Required work
Begin at the line below that holds "姉が〝なでなで〟高校卒業で話" and end at the line that holds "El nombre del", transcribing each line exactly and skipping any picture.
^^^^^^^^
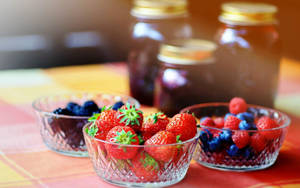 Berries On Glass Bowls Wallpaper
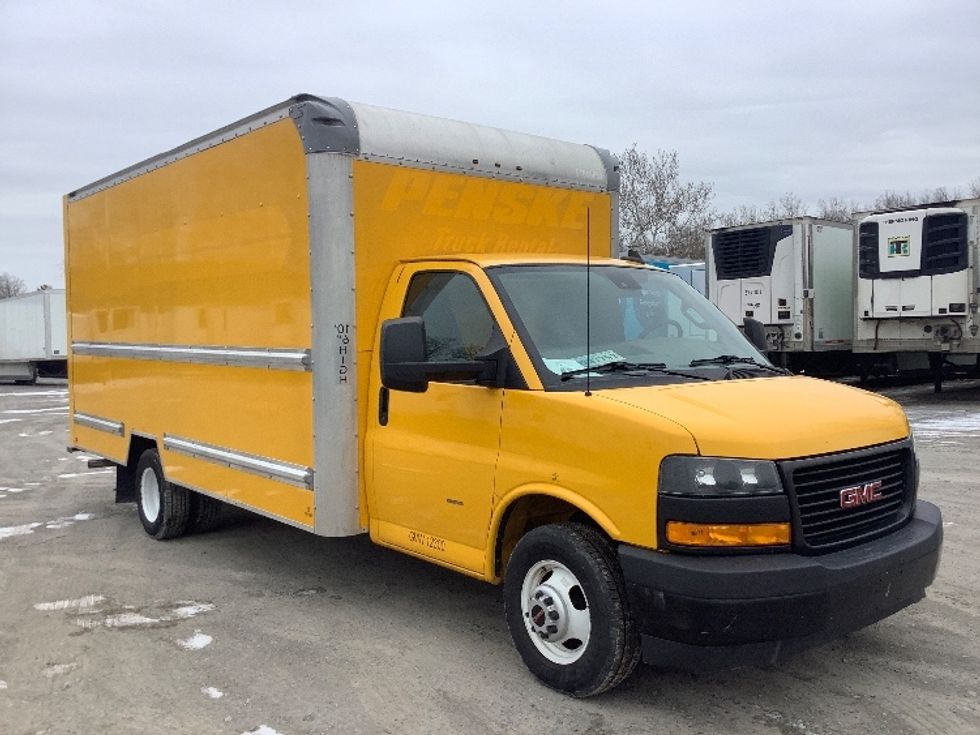 Light Duty Box Truck-Light and Medium Duty Trucks-GMC-2021-Savana G33903-Reading-PA-91,359\n\t\tmiles-$ 26,750 - Image 1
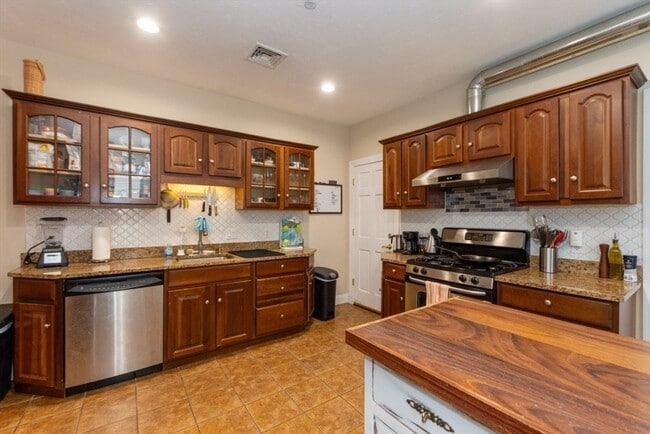 Photo - 36 Trident Ave Unidad B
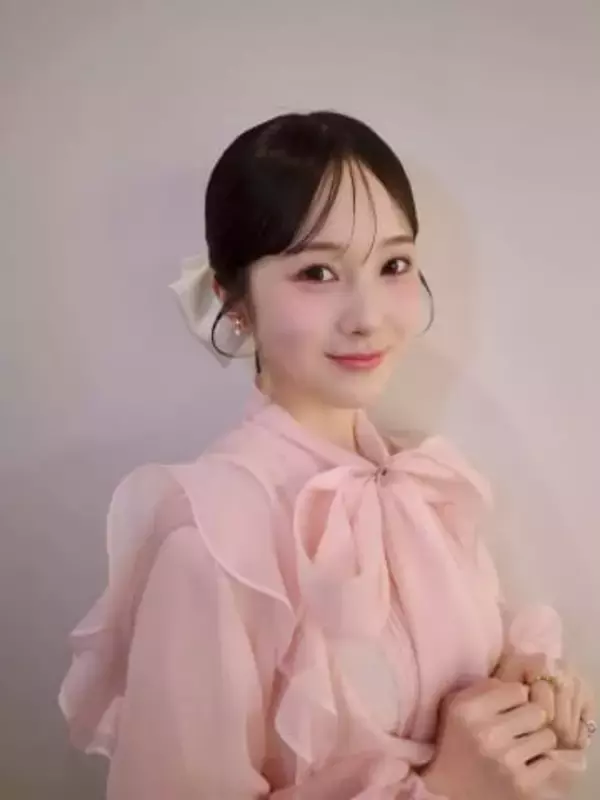 姉が〝なでなで〟高校卒業で話題の本田紗来が家族ショット「ほんといい姉妹」「一生に一度の瞬間」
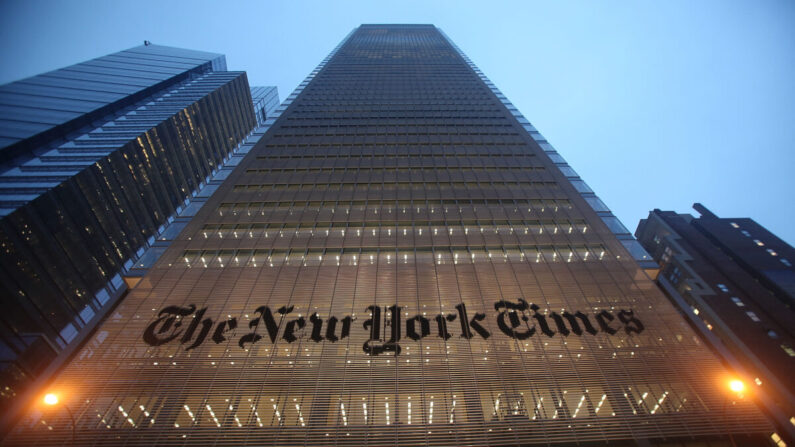 El nombre del New York Times se muestra delante de la sede central en Nueva York el 7 de diciembre de 2009. (Mario Tama/Getty Images)
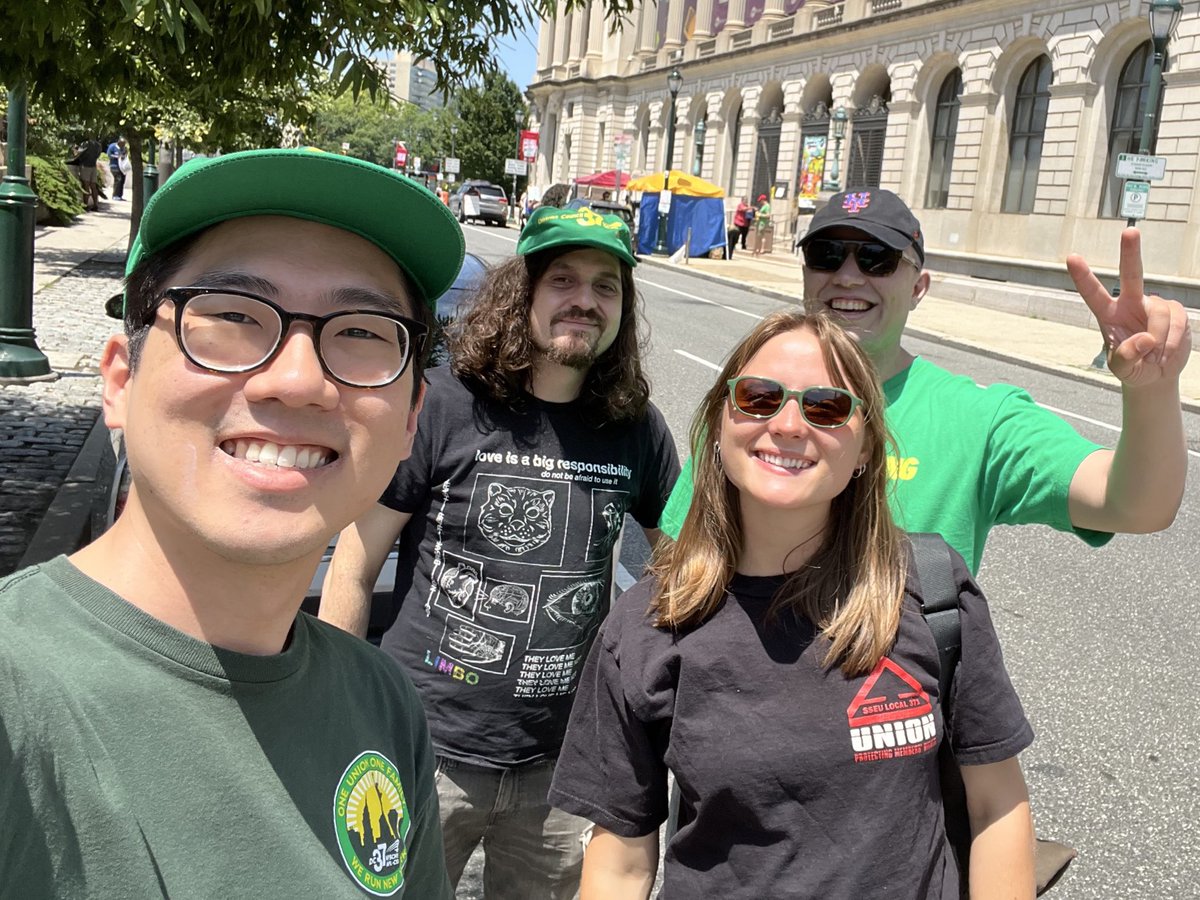 Honda Wang 王宏达 (@hondawang) on Twitter photo .<a href="/DC37nyc/">District Council 37 #UnionStrong</a> members are in Philly to support our union brothers and sisters in DC 33 on strike for a fair contract! .<a href="/DC37nyc/">District Council 37 #UnionStrong</a> members are in Philly to support our union brothers and sisters in DC 33 on strike for a fair contract!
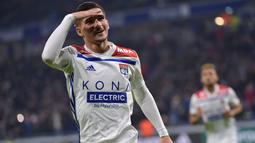 Pemandu bakat Liverpool dan Manchester City dikabarkan sering membahas kehebatan Houssem Aouar gelandang Lyon berusia 21 tahun ini. Dibutuhkan dana hingga 53 juta pounds untuk membawa pemain ini dari Lyon. (AFP/Roman Lafabregue)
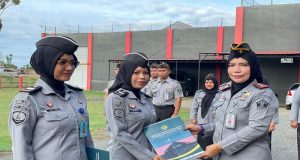 Lapas Perempuan Sigli Gelar Apel Pagi dan Penyematan Kenaikan Pangkat Pegawai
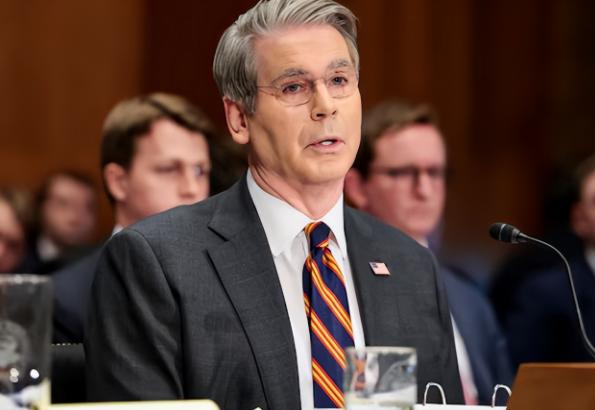 太阳打西边出来了！一向“快言快语”的特朗普，这一次居然成了“闷葫芦”，美方派人悄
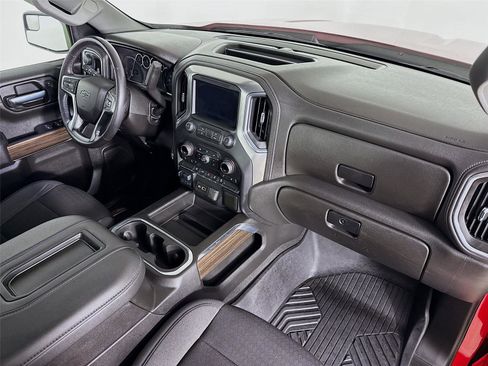 Used 2021 Chevrolet Silverado 1500 RST image 29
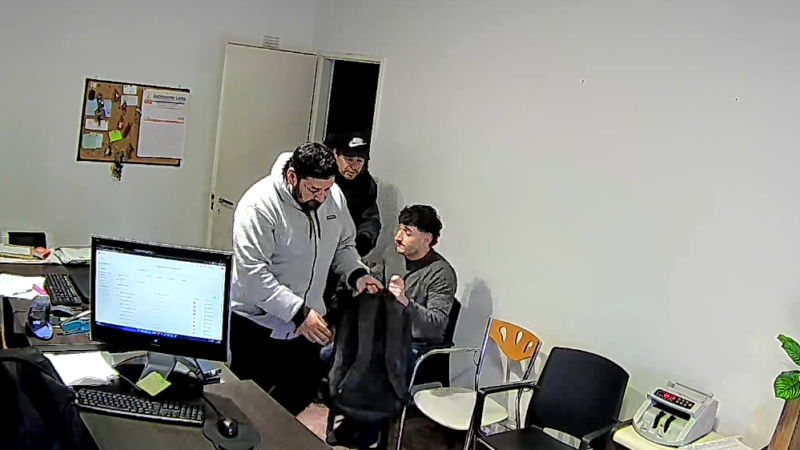 Golpe comando y terror en una oficina en Lomas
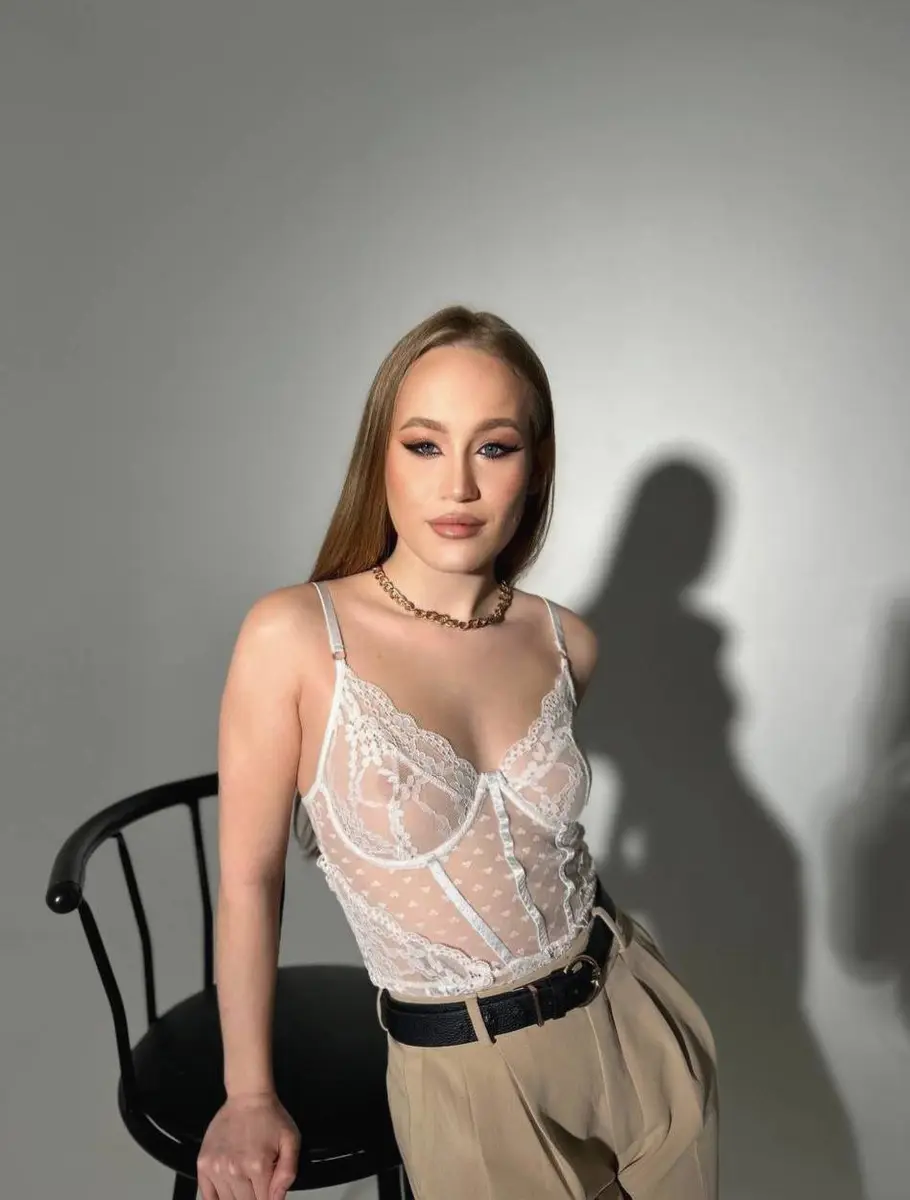 Линда escort in Kazan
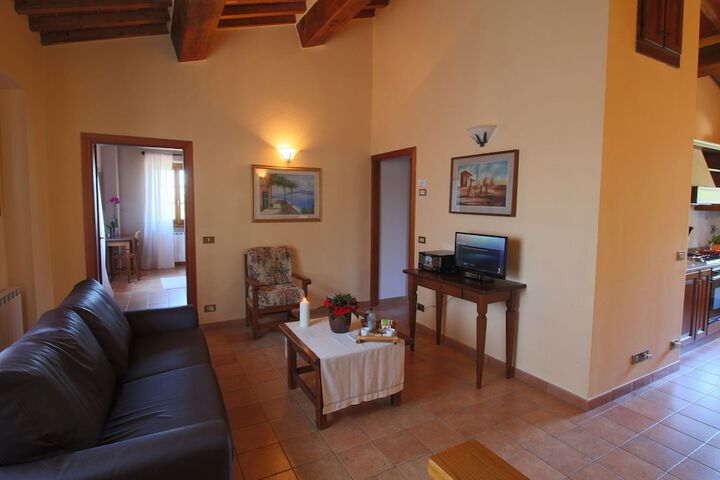 Room 10 of 42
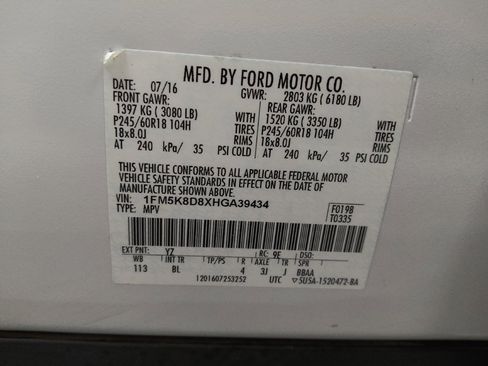 Used 2017 Ford Explorer XLT w/ Equipment Group 202A AWD/4WD image 33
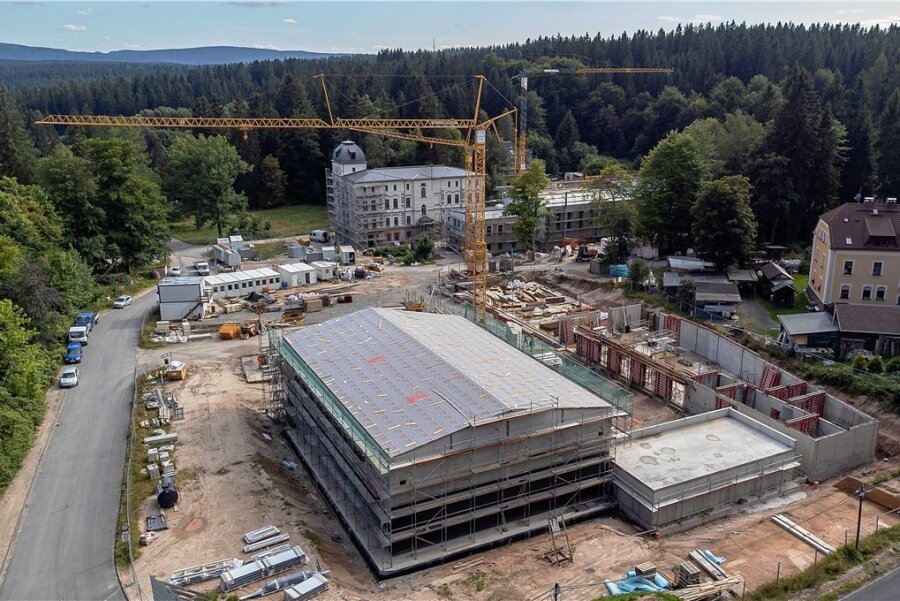 Rund 25 Millionen Euro stellt der Freistaat Sachsen für das Projekt im Vogtland zur Verfügung. Das Bild zeigt den Baustand im vergangenen August. Probleme mit zwei Auftragnehmern sorgen nun für eine Verzögerung der Fertigstellung um etwa ein halbes Jahr.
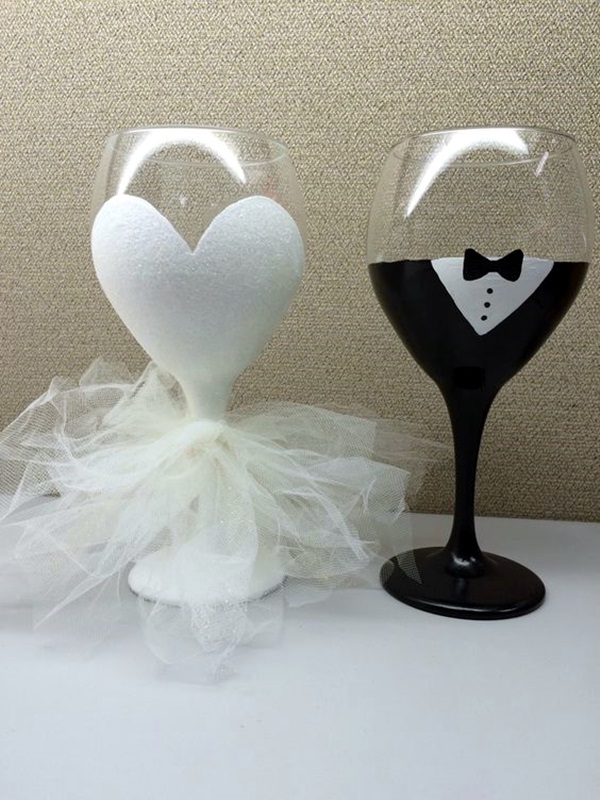 40 Artistic Wine Glass Painting Ideas - Bored Art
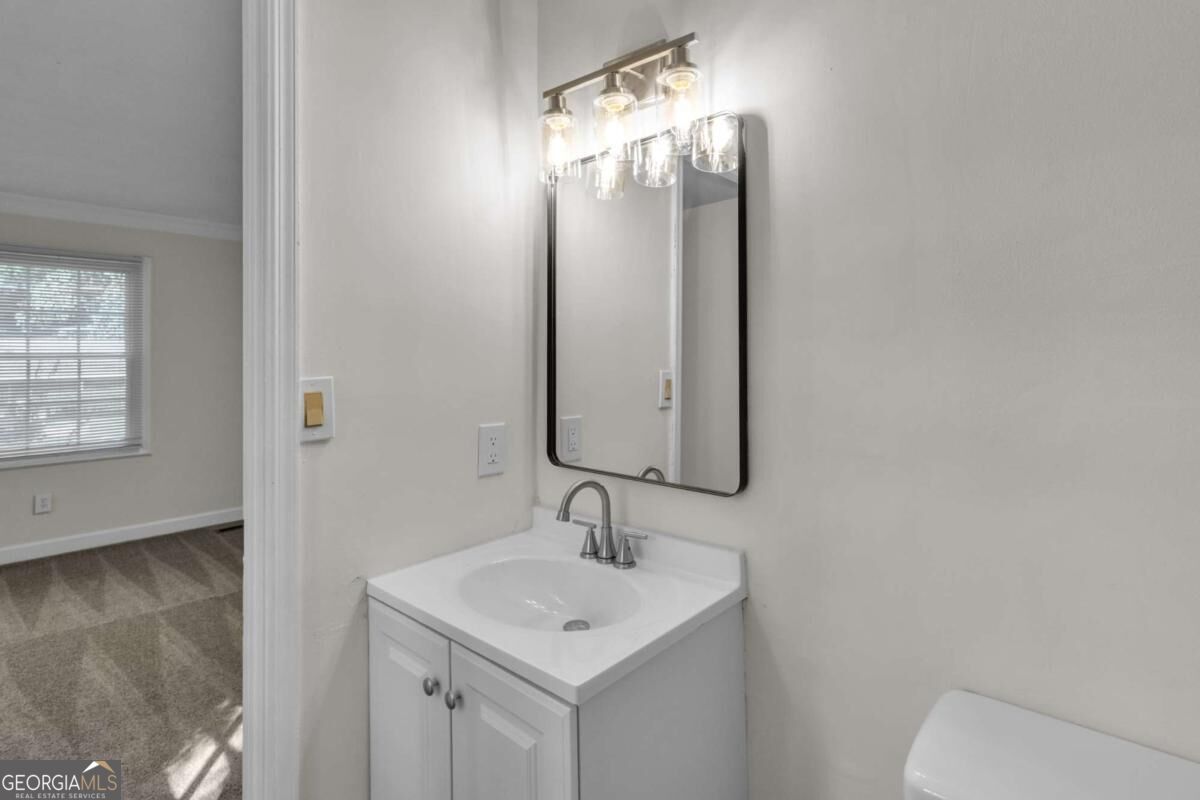 661 Bantry Lane Property Photo 21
^^^^^^^^
Your response
 姉が〝なでなで〟高校卒業で話題の本田紗来が家族ショット「ほんといい姉妹」「一生に一度の瞬間」
 El nombre del New York Times se muestra delante de la sede central en Nueva York el 7 de diciembre de 2009. (Mario Tama/Getty Images)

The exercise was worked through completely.